Aim of the exercise:
Would you please return the lines of the entries below starting at the line that has "Camila Jones25 online" and ending at the line that has "Chic White Boucle Cropped V Neck Coat", both included, exactly as they are?

::::::::

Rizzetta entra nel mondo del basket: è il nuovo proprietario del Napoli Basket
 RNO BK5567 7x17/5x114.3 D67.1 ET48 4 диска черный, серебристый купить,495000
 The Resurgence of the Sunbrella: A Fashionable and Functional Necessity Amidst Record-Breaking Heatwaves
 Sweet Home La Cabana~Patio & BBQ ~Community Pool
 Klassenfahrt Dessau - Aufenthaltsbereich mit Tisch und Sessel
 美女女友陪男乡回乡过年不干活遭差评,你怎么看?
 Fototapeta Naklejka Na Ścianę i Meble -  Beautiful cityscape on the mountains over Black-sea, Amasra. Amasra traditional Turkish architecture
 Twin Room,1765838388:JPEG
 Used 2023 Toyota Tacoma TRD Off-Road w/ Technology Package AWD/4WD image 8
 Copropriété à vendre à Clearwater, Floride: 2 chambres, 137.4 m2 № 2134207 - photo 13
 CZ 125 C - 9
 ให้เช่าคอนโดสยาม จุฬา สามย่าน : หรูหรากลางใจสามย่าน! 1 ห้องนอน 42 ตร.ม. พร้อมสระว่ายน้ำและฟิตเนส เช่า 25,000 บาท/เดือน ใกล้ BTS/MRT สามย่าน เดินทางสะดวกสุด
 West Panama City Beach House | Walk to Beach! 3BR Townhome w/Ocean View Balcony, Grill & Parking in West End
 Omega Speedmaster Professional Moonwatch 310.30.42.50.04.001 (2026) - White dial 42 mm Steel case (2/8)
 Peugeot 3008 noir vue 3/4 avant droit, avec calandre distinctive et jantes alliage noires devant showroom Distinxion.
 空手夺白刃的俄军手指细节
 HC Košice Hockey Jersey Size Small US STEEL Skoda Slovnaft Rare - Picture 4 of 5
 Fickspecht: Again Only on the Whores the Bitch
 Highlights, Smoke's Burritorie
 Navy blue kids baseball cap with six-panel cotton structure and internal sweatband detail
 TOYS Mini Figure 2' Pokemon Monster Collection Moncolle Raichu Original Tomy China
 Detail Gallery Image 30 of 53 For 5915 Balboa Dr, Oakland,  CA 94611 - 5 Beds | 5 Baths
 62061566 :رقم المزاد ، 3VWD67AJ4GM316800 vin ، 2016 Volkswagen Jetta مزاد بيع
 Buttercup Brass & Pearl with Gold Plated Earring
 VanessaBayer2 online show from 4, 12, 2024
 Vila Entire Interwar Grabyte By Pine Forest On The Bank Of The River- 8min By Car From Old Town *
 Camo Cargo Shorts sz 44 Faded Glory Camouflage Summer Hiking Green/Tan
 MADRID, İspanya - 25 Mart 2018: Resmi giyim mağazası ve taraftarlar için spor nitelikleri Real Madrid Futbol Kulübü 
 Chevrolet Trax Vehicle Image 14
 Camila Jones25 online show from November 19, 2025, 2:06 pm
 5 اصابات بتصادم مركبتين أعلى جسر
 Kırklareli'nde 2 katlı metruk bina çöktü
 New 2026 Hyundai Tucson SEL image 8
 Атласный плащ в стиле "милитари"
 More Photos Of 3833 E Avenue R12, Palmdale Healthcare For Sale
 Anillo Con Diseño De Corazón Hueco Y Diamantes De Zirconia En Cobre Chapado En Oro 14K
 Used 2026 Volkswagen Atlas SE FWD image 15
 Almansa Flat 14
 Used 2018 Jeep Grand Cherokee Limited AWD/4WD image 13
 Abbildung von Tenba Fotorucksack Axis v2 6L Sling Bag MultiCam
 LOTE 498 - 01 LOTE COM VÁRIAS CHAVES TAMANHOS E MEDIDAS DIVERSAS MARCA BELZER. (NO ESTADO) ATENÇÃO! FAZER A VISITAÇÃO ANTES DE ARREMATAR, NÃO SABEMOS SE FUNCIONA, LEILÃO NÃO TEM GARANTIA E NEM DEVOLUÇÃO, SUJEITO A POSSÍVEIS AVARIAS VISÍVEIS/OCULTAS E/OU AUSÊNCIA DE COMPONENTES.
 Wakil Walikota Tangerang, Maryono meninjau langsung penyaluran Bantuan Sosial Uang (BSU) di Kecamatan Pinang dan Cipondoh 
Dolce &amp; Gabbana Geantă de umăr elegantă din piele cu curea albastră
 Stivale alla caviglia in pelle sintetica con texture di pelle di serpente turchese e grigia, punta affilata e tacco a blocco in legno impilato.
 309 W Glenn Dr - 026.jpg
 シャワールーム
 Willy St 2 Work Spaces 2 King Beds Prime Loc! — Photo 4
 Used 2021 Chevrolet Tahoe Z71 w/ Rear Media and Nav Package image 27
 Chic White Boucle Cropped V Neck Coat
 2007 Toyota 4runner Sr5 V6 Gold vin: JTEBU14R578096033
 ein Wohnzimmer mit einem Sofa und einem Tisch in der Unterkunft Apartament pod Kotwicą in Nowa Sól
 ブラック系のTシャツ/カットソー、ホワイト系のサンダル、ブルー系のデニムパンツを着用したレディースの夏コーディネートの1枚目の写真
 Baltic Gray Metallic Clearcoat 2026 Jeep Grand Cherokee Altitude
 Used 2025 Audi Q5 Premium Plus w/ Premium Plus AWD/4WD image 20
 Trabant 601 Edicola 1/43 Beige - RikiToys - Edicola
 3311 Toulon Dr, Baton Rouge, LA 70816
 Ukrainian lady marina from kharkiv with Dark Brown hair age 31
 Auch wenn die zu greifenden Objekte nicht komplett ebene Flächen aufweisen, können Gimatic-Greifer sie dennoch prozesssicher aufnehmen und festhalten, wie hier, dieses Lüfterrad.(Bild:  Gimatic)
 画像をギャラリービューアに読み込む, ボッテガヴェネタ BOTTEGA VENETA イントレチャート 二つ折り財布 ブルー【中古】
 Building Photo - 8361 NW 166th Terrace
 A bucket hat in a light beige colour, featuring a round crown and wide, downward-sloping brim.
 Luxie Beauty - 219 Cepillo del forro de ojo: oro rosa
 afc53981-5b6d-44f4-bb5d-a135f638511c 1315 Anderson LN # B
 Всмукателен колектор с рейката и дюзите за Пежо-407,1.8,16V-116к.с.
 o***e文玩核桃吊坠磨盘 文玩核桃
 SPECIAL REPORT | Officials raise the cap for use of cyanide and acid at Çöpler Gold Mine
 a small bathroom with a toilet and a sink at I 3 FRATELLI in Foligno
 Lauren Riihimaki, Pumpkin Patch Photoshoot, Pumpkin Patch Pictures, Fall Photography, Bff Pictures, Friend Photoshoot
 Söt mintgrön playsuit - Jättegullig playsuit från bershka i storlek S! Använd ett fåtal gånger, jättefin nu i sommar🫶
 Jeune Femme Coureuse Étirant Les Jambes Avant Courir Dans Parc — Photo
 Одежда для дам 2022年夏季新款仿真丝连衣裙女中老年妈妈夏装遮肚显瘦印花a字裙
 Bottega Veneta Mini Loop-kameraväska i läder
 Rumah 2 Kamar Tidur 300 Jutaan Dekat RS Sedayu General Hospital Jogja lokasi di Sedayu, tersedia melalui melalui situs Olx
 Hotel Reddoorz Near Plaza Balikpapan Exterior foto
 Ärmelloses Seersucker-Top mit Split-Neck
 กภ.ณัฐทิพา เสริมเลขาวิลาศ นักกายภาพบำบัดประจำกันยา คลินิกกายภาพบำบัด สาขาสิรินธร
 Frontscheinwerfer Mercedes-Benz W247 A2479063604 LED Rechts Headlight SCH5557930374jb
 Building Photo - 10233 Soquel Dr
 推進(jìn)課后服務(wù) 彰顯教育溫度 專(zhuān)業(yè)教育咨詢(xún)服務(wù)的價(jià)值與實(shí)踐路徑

::::::::

The answer:
 Camila Jones25 online show from November 19, 2025, 2:06 pm
 5 اصابات بتصادم مركبتين أعلى جسر
 Kırklareli'nde 2 katlı metruk bina çöktü
 New 2026 Hyundai Tucson SEL image 8
 Атласный плащ в стиле "милитари"
 More Photos Of 3833 E Avenue R12, Palmdale Healthcare For Sale
 Anillo Con Diseño De Corazón Hueco Y Diamantes De Zirconia En Cobre Chapado En Oro 14K
 Used 2026 Volkswagen Atlas SE FWD image 15
 Almansa Flat 14
 Used 2018 Jeep Grand Cherokee Limited AWD/4WD image 13
 Abbildung von Tenba Fotorucksack Axis v2 6L Sling Bag MultiCam
 LOTE 498 - 01 LOTE COM VÁRIAS CHAVES TAMANHOS E MEDIDAS DIVERSAS MARCA BELZER. (NO ESTADO) ATENÇÃO! FAZER A VISITAÇÃO ANTES DE ARREMATAR, NÃO SABEMOS SE FUNCIONA, LEILÃO NÃO TEM GARANTIA E NEM DEVOLUÇÃO, SUJEITO A POSSÍVEIS AVARIAS VISÍVEIS/OCULTAS E/OU AUSÊNCIA DE COMPONENTES.
 Wakil Walikota Tangerang, Maryono meninjau langsung penyaluran Bantuan Sosial Uang (BSU) di Kecamatan Pinang dan Cipondoh 
Dolce &amp; Gabbana Geantă de umăr elegantă din piele cu curea albastră
 Stivale alla caviglia in pelle sintetica con texture di pelle di serpente turchese e grigia, punta affilata e tacco a blocco in legno impilato.
 309 W Glenn Dr - 026.jpg
 シャワールーム
 Willy St 2 Work Spaces 2 King Beds Prime Loc! — Photo 4
 Used 2021 Chevrolet Tahoe Z71 w/ Rear Media and Nav Package image 27
 Chic White Boucle Cropped V Neck Coat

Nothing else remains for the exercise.